While having two bye weeks in a three-week span is unique, the Patriots will certainly accept the easier road to the Super Bowl.
Not that any road to New Orleans is easy, but having to win two games rather than three to take on the NFC Champion is obviously preferable. While the Wildcard teams slug it out this weekend, the Patriots will have the weekend to lick their wounds and polish up on some details that need work.
Following a sluggish effort in the season finale at Carolina, there are certainly areas that need work. But Belichick didn't feel the bye hurt his team last week and doesn't think it have any ill effects in the Divisional Playoff round.
"Carolina played us tough defensively; they ran the ball well," Belichick said. "I am still glad that we have [a bye this week] and we will try to use it as effectively as we can. I do think that the bye week helped us for the Carolina game. We had a couple of the big plays in the game that I know everybody saw that were really the result of a lot of extra work that was put into those situations in the bye week. So if there were any negative effects, I think they were far outweighed by the things that we were able to accomplish positively with the extra time and preparation that we took in some of those areas on defense and in the kicking game."
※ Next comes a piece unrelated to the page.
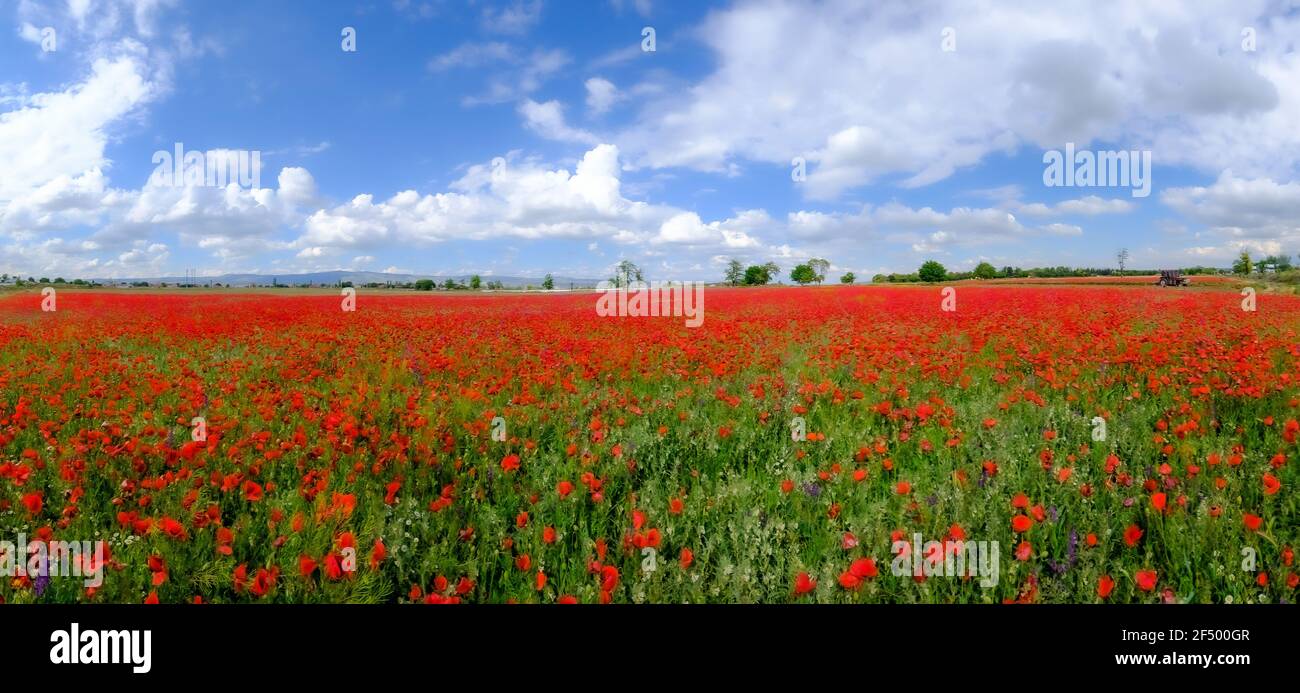 Papaveri rossi blured sul campo Foto Stock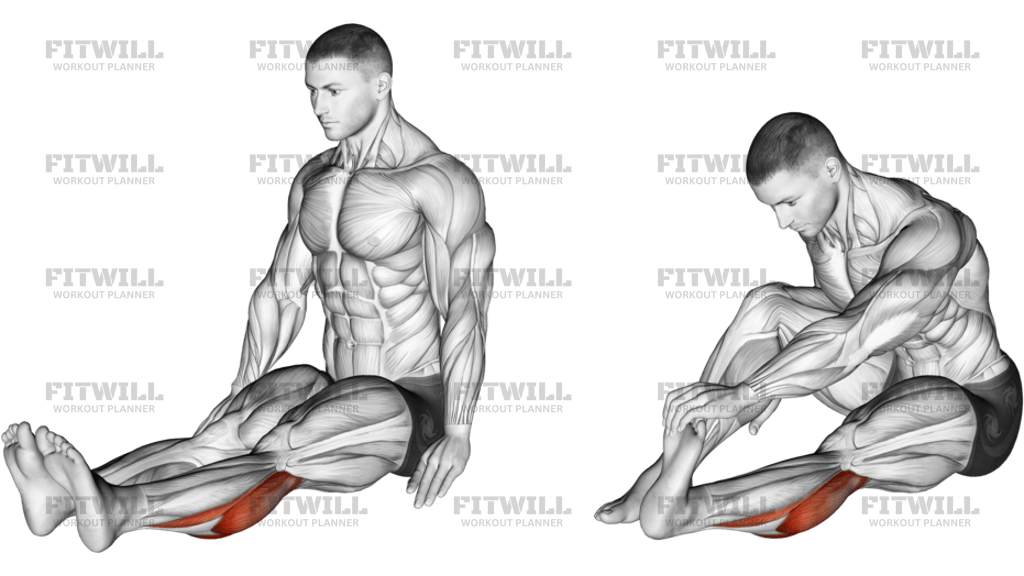 Seated Calf Stretch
"There's more on the line," linebacker Ted Johnson said. "You're playing for a lot more so I wouldn't anticipate a letdown."
While the stakes have certainly increased, the Patriots were playing for a division title and the chance at the bye last weekend when they played an uninspired game at Carolina. Emotion is everything in the playoffs and if the Patriots don't show up with a better intensity level, they can expect an early trip home.
"Just being in the playoffs and fighting for the championship should be enough to have us ready," safety Lawyer Milloy said.
The Patriots have proven that they can raise their level play physically when challenged to do so and one would think that a chance to compete, and possibly host, the AFC Championship game, would inspire them to elevate their intensity to the levels seen in second-half wins over Miami and New Orleans.
Playing in Foxborough or Pittsburgh in January will put emphasis on the running game, and the Patriots offensive and defensive lines will have to exceed the intensity levels of their opponents or risk getting dominated in the trenches as they did against Carolina when their secondary and special teams bailed them out of trouble. The big difference is that teams like the 2001 Panthers don't play in the postseason. The Patriots are capable of raising the bar, but will have to perform better after this bye than they did the last.
Here are the playoff scenarios:
If the Raiders beat the Jets Saturday, the Patriots host the Raiders next weekend, but if the Jets upset Oakland for the second straight week, the Patriots would host the winner of the Miami-Baltimore game.
CBS analyst Phil Simms, on a guest appearance on WSKO 790 AM in Providence said that he has already been notified that he will be in Foxborough for a Saturday night game on Jan. 19, but that has not been confirmed by the Patriots.
Also, the Patriots opponents for 2002 have been determined.
The Patriots will host Buffalo, Miami, the Jets, Denver, Kansas City, Pittsburgh, Green Bay and Minnesota and travel to Buffalo, Miami, the Jets, Oakland, San Diego, Tennessee, Chicago and Detroit.